Já as nações do Sul, afirma Melissa, não têm o mesmo nível de coesão ou mesmo um sonho em comum. "Uma nova síntese vai exigir muita liderança, assim como pensar sobre a melhor forma de se seguir em frente", completa a pesquisadora. Uma maneira de alcançar isso seria por meio do estímulo a fóruns acadêmicos de grupos regionais.
O primeiro passo nesse sentido foi a proposta de criação de uma versão da Organização dos Estados Americanos (OEA), mas sem Canadá e Estados Unidos, que são os únicos países desenvolvidos no continente americano. O estudo afirma também que a aliança entre Índia, Brasil e África do Sul (IBAS) e o grupo BRIC (Brasil, Rússia, Índia e China) reforçam a organização política dos emergentes.
Essa coesão esbarra em um empecilho, pelo menos na América do Sul, onde "o poder é contestado entre Venezuela e Brasil", de acordo com o artigo. "É importante para os países formarem seus próprios grupos tendo como base interesses comuns, mas há maiores custos transacionais em multiplicar o fórum para coordenação política, e os resultados são, na maioria das vezes, duvidosos", adverte.
Além disso, a pesquisadora destaca que o Plano de Ação de Buenos Aires (1978) já havia ressaltado que a cooperação entre as nações em desenvolvimento deveria ser dirigida pelos princípios do respeito à soberania nacional, da propriedade nacional e da independência, da igualdade, incondicionalidade, não ingerência nos assuntos internos e dos benefícios mútuos.
Ajuda ao desenvolvimento
Potências emergentes como Brasil, Rússia, Índia, China e África do Sul, mesmo seguindo políticas distintas, têm desempenhado, nos últimos anos, um papel novo em suas histórias: a de fomentadores do desenvolvimento das nações menos favorecidas. Por terem fortalecido sua base econômica, já não precisam receber o mesmo nível de assistência que costumavam acumular no passado.
A forma escolhida para apoiar as nações mais pobres foi por meio da cooperação técnica ao desenvolvimento, respeitando a autonomia desses Estados menos favorecidos. Essa postura, segundo o texto, contrasta com a dos países do Norte, onde "estratégias são elaboradas e o apoio é, geralmente, enviado diretamente ao orçamento, como aprovado na Comissão de Assistência ao Desenvolvimento da Organização para a Cooperação e o Desenvolvimento Econômico (OCDE)".
Agora, alguns emergentes reavaliam a estrutura de cooperação técnica, e um encontro sobre o assunto no Quênia, em dezembro de 2009, teve como resultado uma declaração forte que enfatizou que "a cooperação Sul-Sul não deveria ser vista como ajuda oficial ao desenvolvimento".
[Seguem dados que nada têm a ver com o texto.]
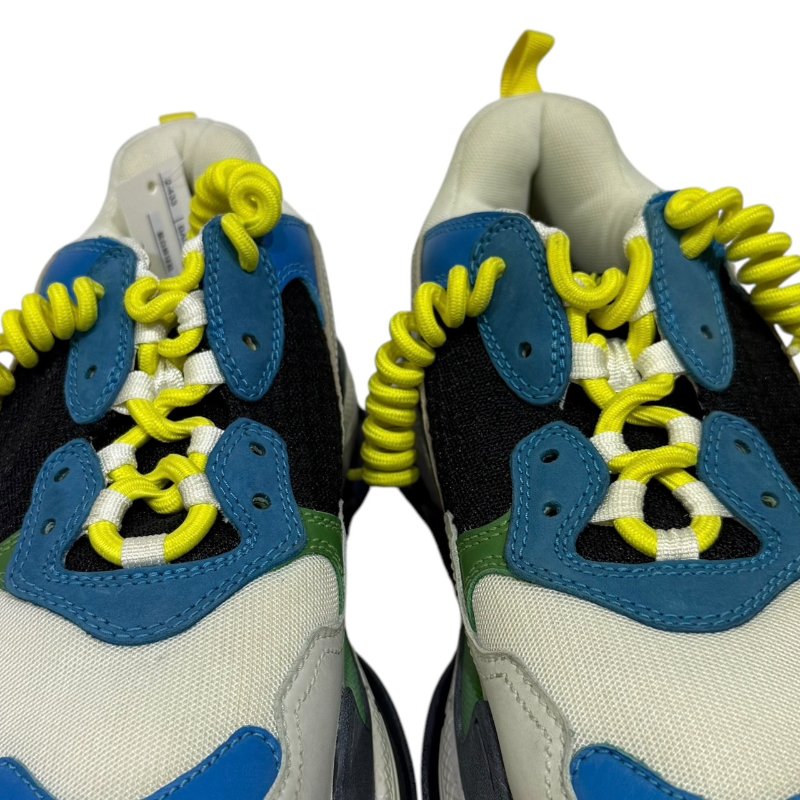 【美收精品】 BALENCIAGA Triple S 藍色拚色休閒鞋 2-433-6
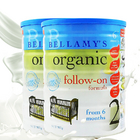 澳大利亞原裝進口 Bellamy’s/貝拉米 嬰幼兒有機奶粉2段 2罐裝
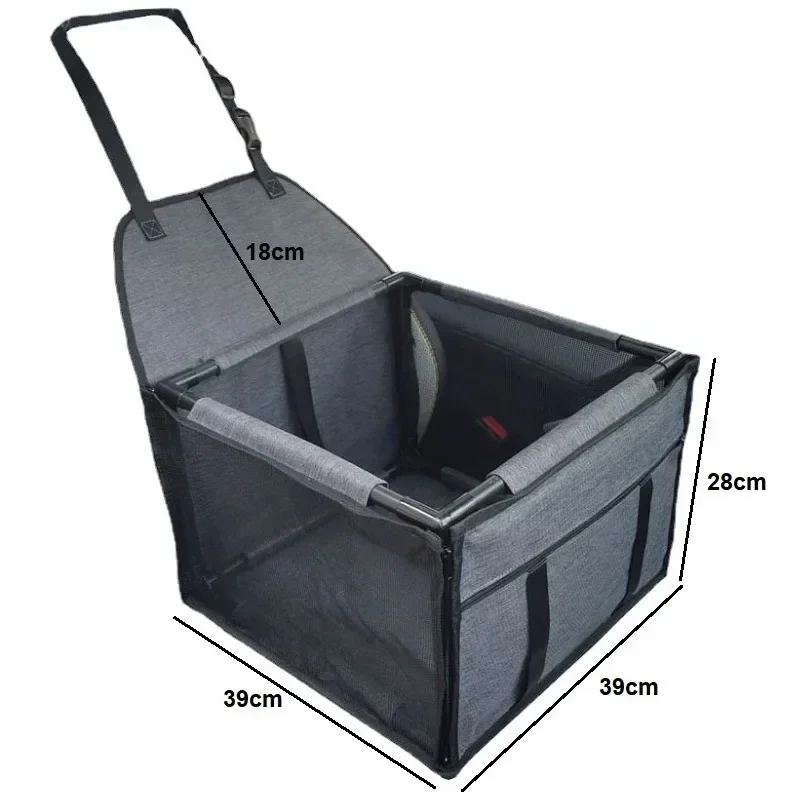 Funda de viaje para asiento de coche para perros, bolsa impermeable para transportar perros, hamaca de transporte para gatos, cesta para asiento de coche para perros pequeños y medianos
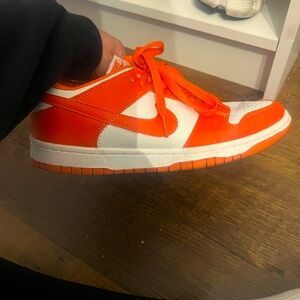 Orange Low Nike Dunks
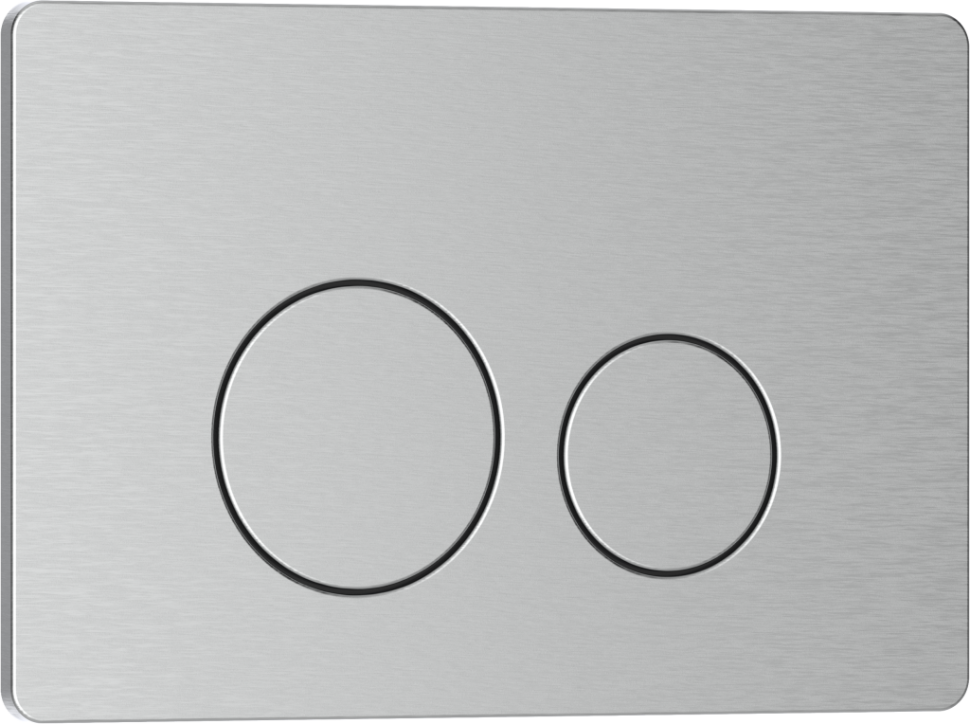 Кнопка смыва IBERICA BLANCA INOX-O нержавеющая сталь, хром матовый (IB.B081.003.002)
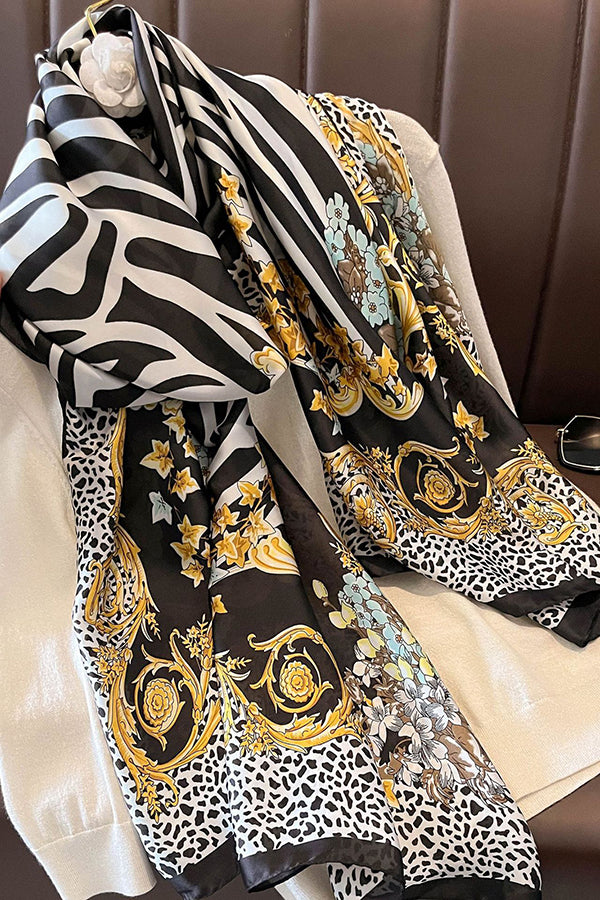 Elegant Imitation Silk Oversized Shawl Scarf-consonak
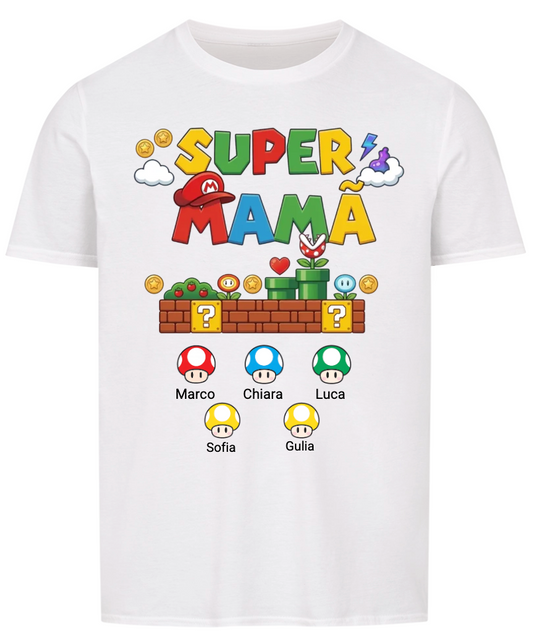 Camiseta Super Mama Personalizable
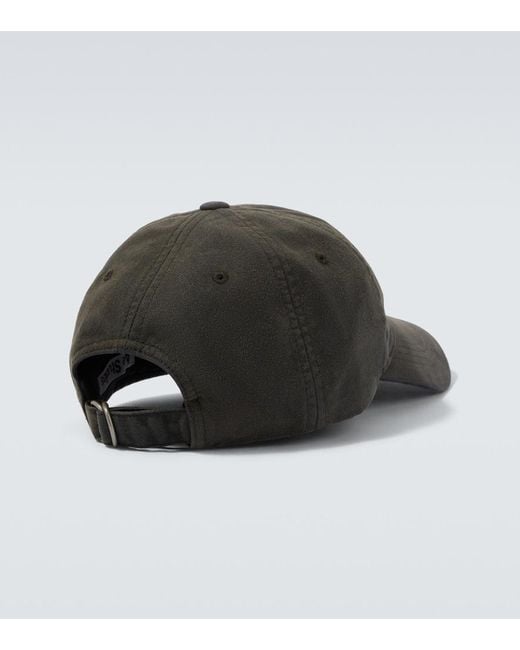 Acne Gray Embroidered Logo Cotton Baseball Cap for men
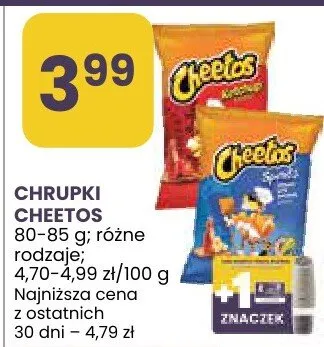 Chrupki cheetos promocja w Stokrotka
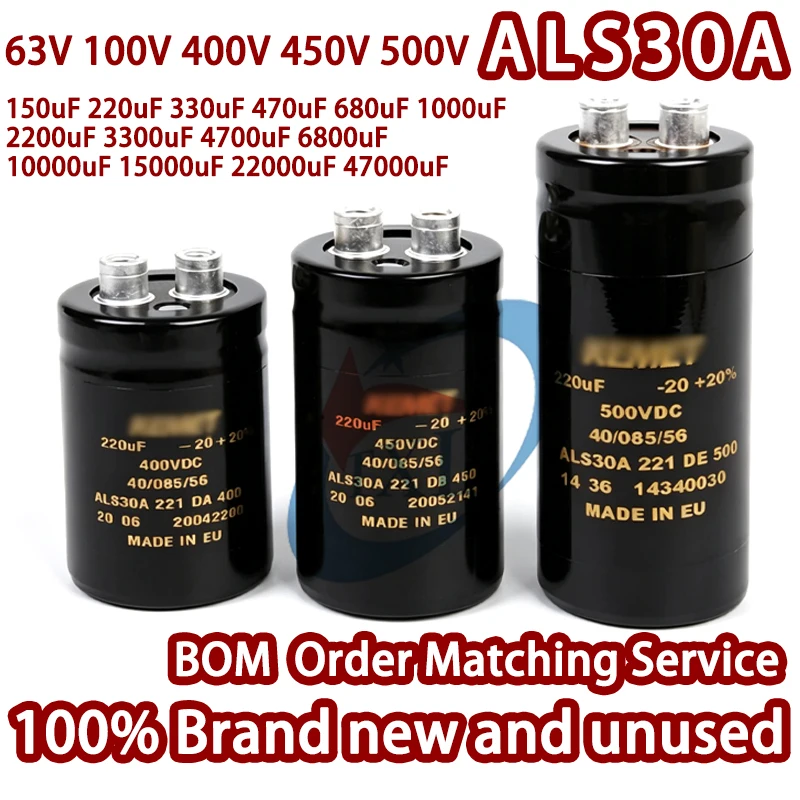 100-nuevo-condensador-electrolitico-de-aluminio-para-audio-als30a-400v-450v-500v-470-680-1000-2200-3300-4700-6800-10000-15000-22000uf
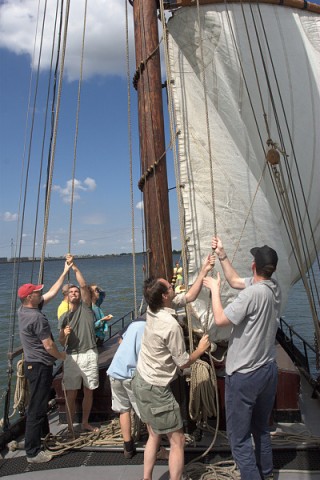 Schip 990053  tjalk Muiden  Verwisseling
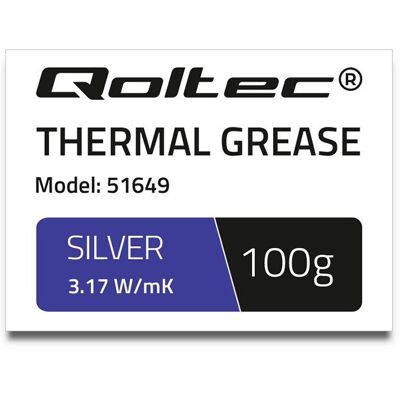 Pasta termoprzewodząca QOLTEC, 100 g Pasta termoprzewodząca QOLTEC, 100 g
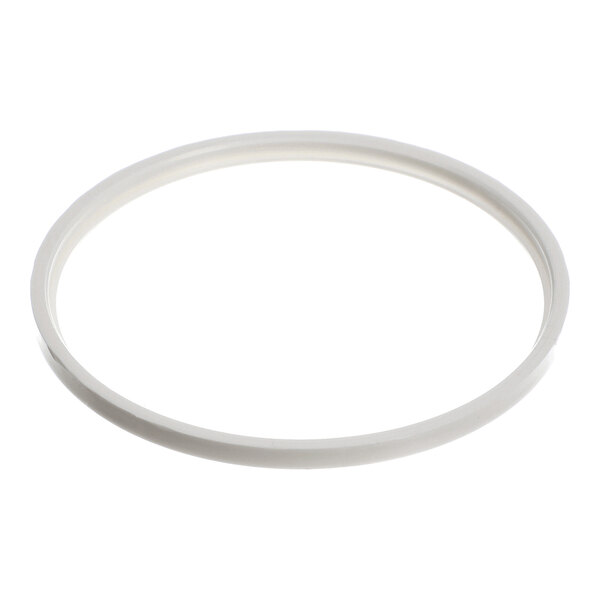 A white, circular ring with a smooth surface, shown against a plain background.
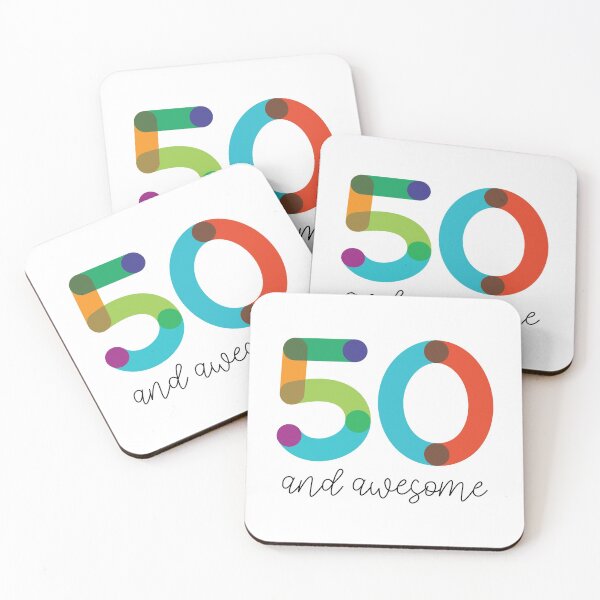 Item preview, 50 and Awesome! designed and sold by VicEllisArt.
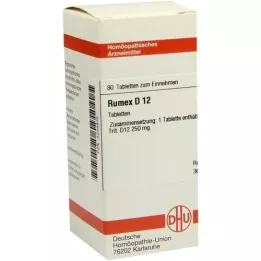 RUMEX D 12 tablet, 80 kapsul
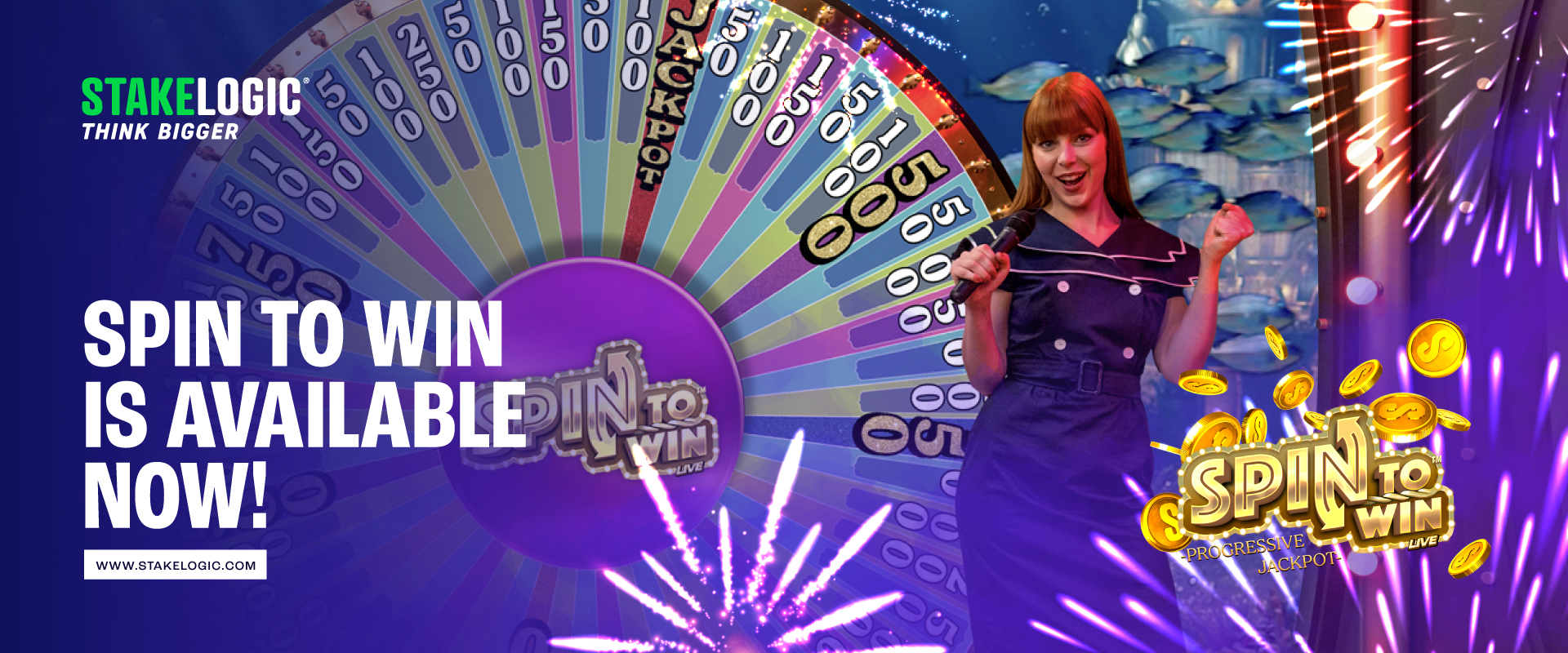 Stakelogic and Stakelogic Live deliver true progressive jackpot innovation: Spin To Win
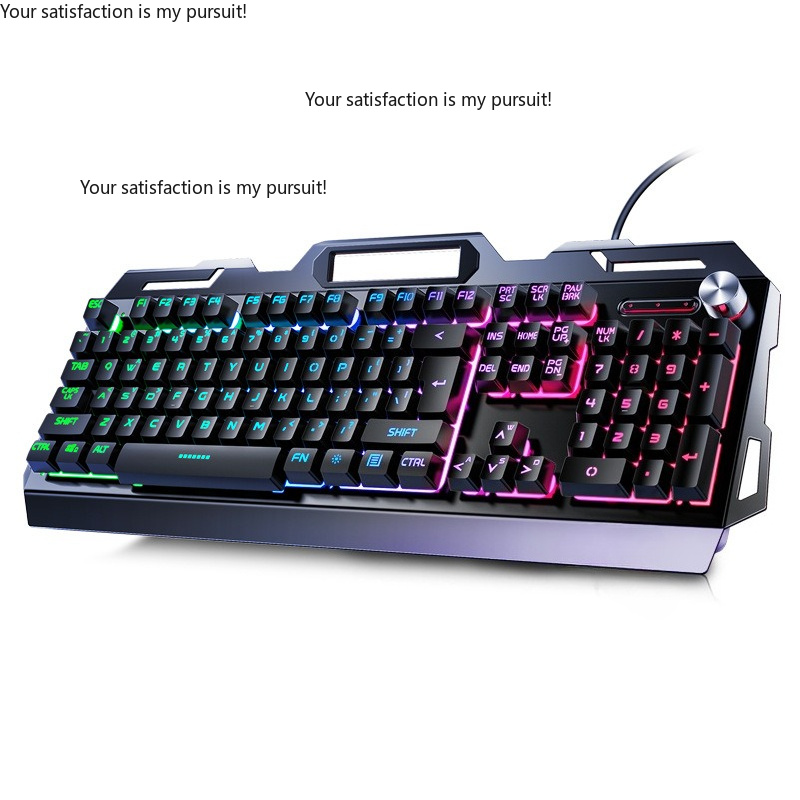 Gaming Keyboard And Mouse Set - Cocok untuk set tiga bagian Yindiao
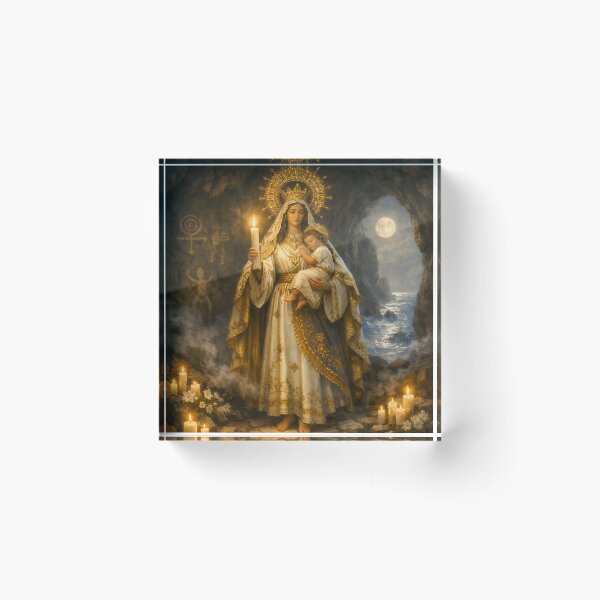 Item preview, Virgin of Candelaria – Lady of Light and Protection designed and sold by SoniaSarkali.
O auxílio, sugere o artigo, pode ser mais bem empregado na área ambiental. "Alguns países do Sul estão fazendo experiências com fontes de energias renováveis, como o biodiesel. A Costa Rica anunciou seu objetivo de se tornar o primeiro país sem carbono até 2021, e o governo da China já destinou 3 trilhões de iuanes (US$ 440 bilhões) até 2020 para o desenvolvimento de uma nova fonte energética", exemplifica.
Desafios
Embora as potências emergentes tenham confirmado sua independência ideológica e política em relação a países mais ricos, optando por um Estado forte e escolhendo como destinar a ajuda ao desenvolvimento, ainda enfrentam desafios internos. "O infanticídio feminino ainda é um grave problema na China, as desigualdades diminuíram no Brasil, mas permanecem altas", alerta Andrade. Na África do Sul, a corrupção é um problema sério, enquanto na Índia 25% da população vivem abaixo da linha de pobreza.
"As economias emergentes terão que mostrar que enfrentam desafios de desenvolvimento internos enquanto, ao mesmo tempo, tomam a liderança no debate e adotam práticas para o desenvolvimento global", ressalta a pesquisadora do PNUD.
Melissa destaca que é importante identificar os desafios, assim como se faz necessário criar alternativas para a corrente principal do discurso sobre desenvolvimento. "Novos modelos devem ser inventados", conclui.